I am new to evolutionary algorithm. I have studied Covariance Matrix Adaptation Evolution Strategy. I am not good at statistics. So could you please explain me in simple language (I mean not too many equations)
- What is CMA-ES?
- How does it work?
- Why is it superior to other strategies?
Best Answer
Per the wikipedia page linked above to answer (1) this is another form of gradient descent (which if you need more information with lots of pictures there are many articles available if you google it — sorry apparently new posters only get 2 urls so I'm having to have to tell you to search instead of pointing you to specific ones) so it is used for optimization of an objective function. Usually this means I want to find the maximum or minimum value for a function I'm interested in.
Not to split hairs with the other poster, but how statistical this algorithm is a question of semantics. It is proposed to converge (for our considerations that is to say this method works) based on a maximum likelihood argument and covariance (variance in higher dimension — the spread of the sample in the space) is used as part of the update rule for this algorithm to determine how best to proceed for the next iteration. Also new points are sampled from a multivariate normal distribution. Which is a probability model. Similarly as the wikipedia points out this method is similar to, but not identical to, principal component analysis. So from my perspective it seems pretty statistical, but again that is perhaps subjective.
I suppose the second wiki link and parts of the above address (2), but perhaps not adequately so if you need more information please feel free to follow up.

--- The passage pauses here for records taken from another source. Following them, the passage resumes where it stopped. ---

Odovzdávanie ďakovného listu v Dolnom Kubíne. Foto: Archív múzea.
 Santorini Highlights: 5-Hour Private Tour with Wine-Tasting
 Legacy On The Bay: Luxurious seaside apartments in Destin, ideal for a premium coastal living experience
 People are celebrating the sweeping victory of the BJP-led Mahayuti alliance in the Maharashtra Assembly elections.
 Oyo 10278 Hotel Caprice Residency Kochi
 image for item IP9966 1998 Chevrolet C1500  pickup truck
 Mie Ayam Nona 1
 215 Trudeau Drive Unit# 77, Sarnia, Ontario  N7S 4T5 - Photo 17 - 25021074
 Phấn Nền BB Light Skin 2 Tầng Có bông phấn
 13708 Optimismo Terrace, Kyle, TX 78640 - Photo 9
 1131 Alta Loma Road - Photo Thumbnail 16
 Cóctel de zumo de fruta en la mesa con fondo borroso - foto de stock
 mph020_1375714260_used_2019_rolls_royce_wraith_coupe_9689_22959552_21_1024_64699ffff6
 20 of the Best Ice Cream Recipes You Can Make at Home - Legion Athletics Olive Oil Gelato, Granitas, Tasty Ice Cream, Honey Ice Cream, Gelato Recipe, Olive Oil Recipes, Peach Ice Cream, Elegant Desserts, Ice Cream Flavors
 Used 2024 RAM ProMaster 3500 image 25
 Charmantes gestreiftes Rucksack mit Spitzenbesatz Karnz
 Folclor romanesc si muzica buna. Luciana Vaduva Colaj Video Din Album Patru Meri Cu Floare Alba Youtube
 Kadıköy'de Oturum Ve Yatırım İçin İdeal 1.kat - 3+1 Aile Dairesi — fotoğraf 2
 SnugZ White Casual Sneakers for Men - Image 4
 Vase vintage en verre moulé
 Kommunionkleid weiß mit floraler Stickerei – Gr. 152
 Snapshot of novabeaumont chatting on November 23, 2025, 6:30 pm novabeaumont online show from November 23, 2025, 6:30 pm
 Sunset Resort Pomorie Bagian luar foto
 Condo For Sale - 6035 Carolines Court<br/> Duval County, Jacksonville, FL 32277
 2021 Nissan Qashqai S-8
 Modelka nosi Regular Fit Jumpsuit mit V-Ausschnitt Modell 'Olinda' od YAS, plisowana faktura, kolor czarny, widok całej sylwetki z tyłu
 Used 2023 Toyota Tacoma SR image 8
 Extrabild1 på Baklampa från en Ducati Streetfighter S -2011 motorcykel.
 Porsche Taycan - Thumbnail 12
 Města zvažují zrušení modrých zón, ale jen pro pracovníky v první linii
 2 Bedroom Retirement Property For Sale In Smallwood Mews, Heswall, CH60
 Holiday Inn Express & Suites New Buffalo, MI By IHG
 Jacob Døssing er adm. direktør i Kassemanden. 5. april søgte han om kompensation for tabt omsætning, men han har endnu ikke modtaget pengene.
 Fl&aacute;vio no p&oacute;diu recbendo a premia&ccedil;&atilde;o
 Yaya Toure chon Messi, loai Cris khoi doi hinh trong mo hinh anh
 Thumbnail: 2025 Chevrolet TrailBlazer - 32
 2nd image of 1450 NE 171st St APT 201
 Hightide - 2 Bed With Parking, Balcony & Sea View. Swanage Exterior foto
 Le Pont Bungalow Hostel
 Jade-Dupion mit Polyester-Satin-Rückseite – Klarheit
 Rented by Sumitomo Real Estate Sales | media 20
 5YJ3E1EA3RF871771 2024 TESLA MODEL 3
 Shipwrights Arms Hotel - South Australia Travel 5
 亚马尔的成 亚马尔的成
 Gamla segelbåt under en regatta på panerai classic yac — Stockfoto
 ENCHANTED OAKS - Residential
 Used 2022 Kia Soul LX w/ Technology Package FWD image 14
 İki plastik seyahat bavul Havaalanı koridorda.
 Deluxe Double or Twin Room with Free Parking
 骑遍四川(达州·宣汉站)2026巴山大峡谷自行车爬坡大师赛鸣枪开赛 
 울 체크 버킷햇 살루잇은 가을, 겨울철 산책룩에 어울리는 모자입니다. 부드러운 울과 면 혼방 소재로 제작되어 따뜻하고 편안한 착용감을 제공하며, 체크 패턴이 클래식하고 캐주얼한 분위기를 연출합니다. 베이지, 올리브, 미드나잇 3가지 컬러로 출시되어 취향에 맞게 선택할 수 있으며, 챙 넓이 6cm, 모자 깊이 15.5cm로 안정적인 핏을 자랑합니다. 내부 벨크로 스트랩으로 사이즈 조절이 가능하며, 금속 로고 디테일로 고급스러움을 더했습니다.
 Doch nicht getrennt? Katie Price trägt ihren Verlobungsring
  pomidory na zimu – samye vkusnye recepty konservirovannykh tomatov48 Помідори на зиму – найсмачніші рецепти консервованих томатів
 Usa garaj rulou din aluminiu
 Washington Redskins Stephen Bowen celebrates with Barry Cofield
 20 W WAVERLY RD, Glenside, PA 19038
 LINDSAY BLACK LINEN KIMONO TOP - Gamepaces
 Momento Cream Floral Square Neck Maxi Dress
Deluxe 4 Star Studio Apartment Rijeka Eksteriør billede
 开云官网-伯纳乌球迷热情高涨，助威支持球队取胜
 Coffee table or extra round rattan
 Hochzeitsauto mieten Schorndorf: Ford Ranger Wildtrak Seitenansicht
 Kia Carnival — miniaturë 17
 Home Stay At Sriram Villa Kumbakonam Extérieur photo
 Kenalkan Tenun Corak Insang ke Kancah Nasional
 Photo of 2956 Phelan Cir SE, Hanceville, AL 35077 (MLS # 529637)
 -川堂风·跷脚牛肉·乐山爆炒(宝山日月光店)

The short of it is if there is an optimum this procedure searches for it in the problem space and will eventually find it under the model assumptions. You need to test for the assumptions, because deviation from them is likely a major consequence to and how well this method will work on your problem.
I do however agree with the other poster that you may find more if not better answers on a site like Meta Optimize which is a community like this one specific to machine learning, but many Statisticians do work on learning problems so I would expect others will weigh in as well.
As for (3) it is not necessarily a better method. It is a method for a different set of assumptions than other methods (such as feedforward neural network with gradient descent for example) specifically this method is for non-linear or non-convex problems. Again you need to test if the problem you are working on is appropriate for this method before proceeding to use it. Otherwise you may get a less than optimal solution or worse yet garbage in garbage out. If your problem is non-linear or non-convex then go for it, otherwise you may need to look into using a different method. There is a part of the wikipedia article "Performance in Practice" may help you determine whether this is an appropriate method for the problem you are working on.
You alluded to some mathphobia when not wanting to see too many expressions. So you may not know some properties of the data/problem you're working with. Are you willing to share some more specific details or are you just asking in general?
Hopefully this helps. Please let me know if there are any follow ups. Good luck.